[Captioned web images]

==*==

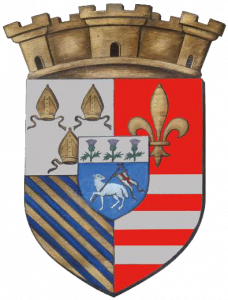 Armoiries ville Saint Jean du Cardonnay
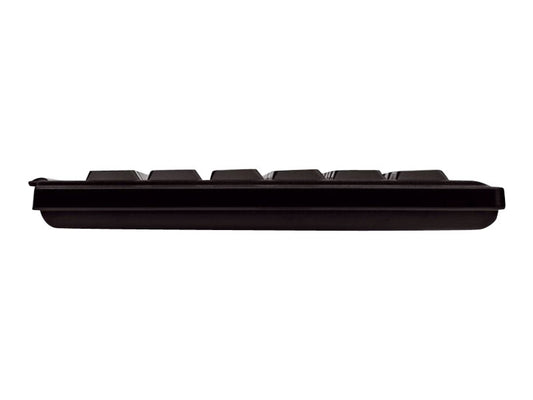 CHERRY Compact Trackball Keyboard PS/2 black (US)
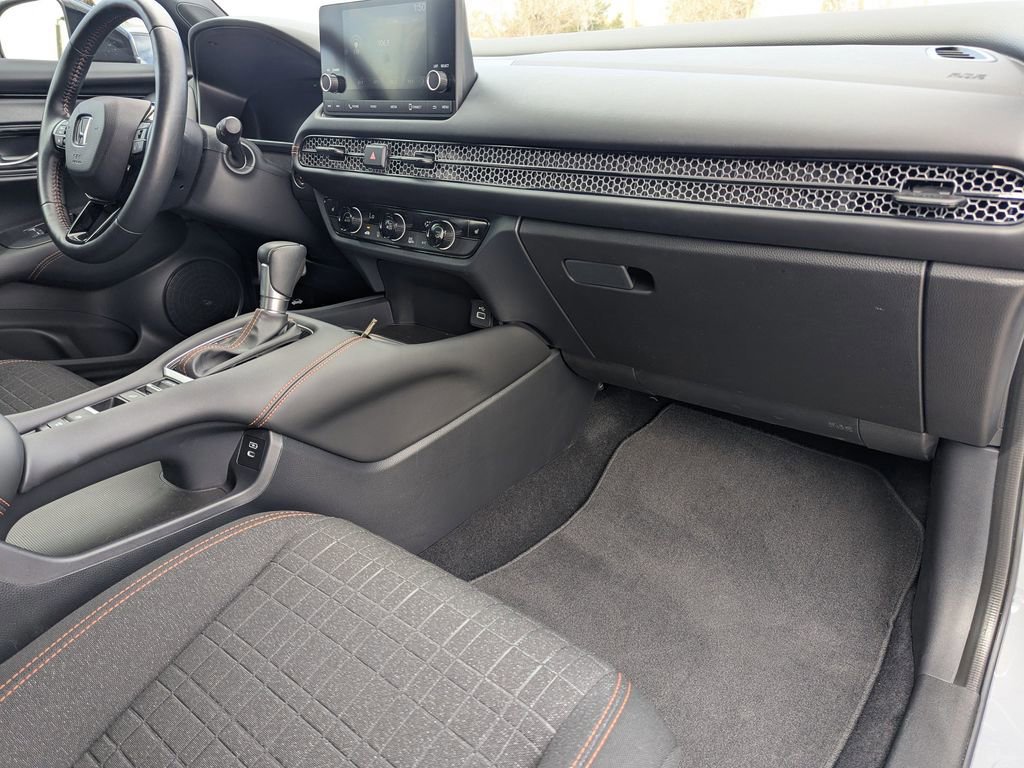 Used 2024 Honda HR-V Sport image 10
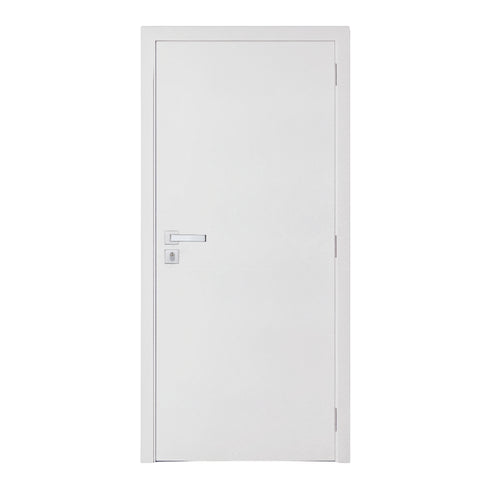 Kit Porta Pronta Primer Branco Lisa Semi Oca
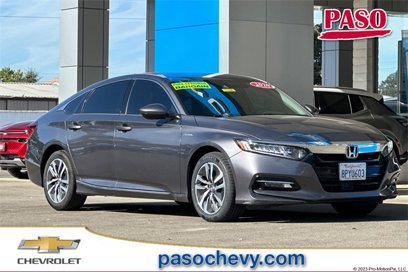 Used 2020 Honda Accord EX
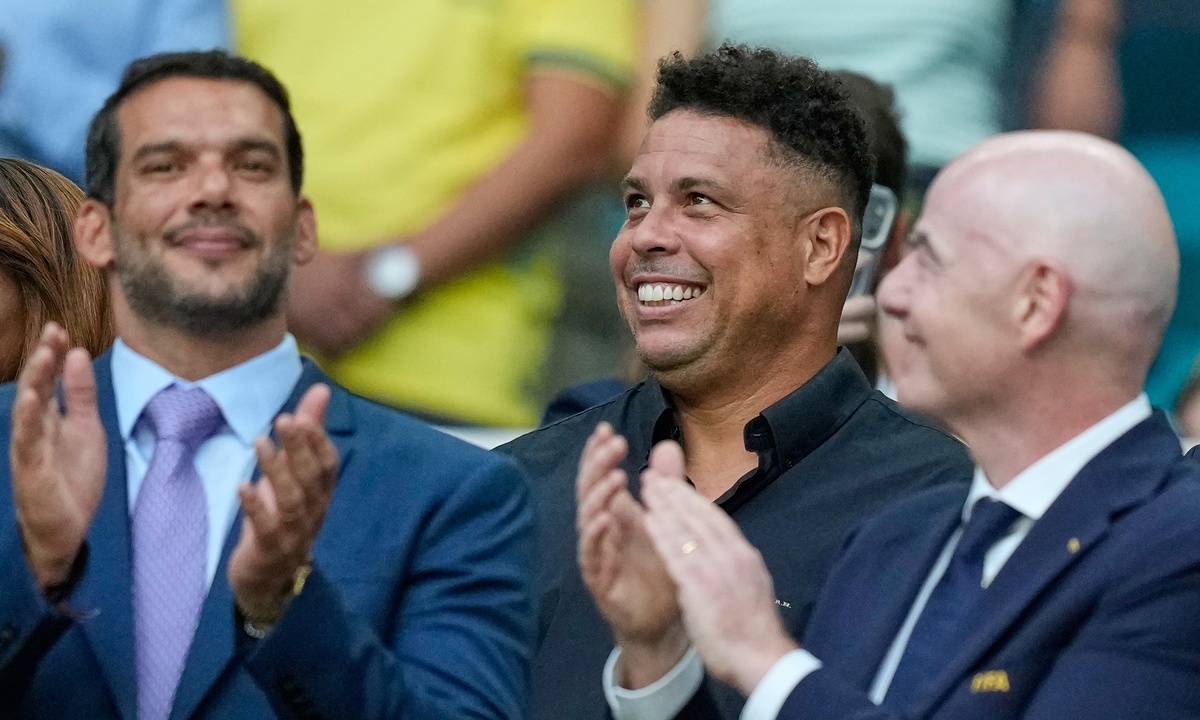 Ronaldo Nazario: ‘Brazil cần nghệ thuật quản trị của Ancelotti để vô địch’ - hình ảnh - okvipjl.com Ronaldo Nazario: ‘Brazil cần nghệ thuật quản trị của Ancelotti để vô địch’ - hình ảnh - okvipjl.com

==*==

GOAL OF THE EXERCISE.
In your copy, every entry above must match word for word, and no picture may appear.

RESPONSE AREA.
 Armoiries ville Saint Jean du Cardonnay
 CHERRY Compact Trackball Keyboard PS/2 black (US)
 Used 2024 Honda HR-V Sport image 10
 Kit Porta Pronta Primer Branco Lisa Semi Oca
 Used 2020 Honda Accord EX
 Ronaldo Nazario: ‘Brazil cần nghệ thuật quản trị của Ancelotti để vô địch’ - hình ảnh - okvipjl.com Ronaldo Nazario: ‘Brazil cần nghệ thuật quản trị của Ancelotti để vô địch’ - hình ảnh - okvipjl.com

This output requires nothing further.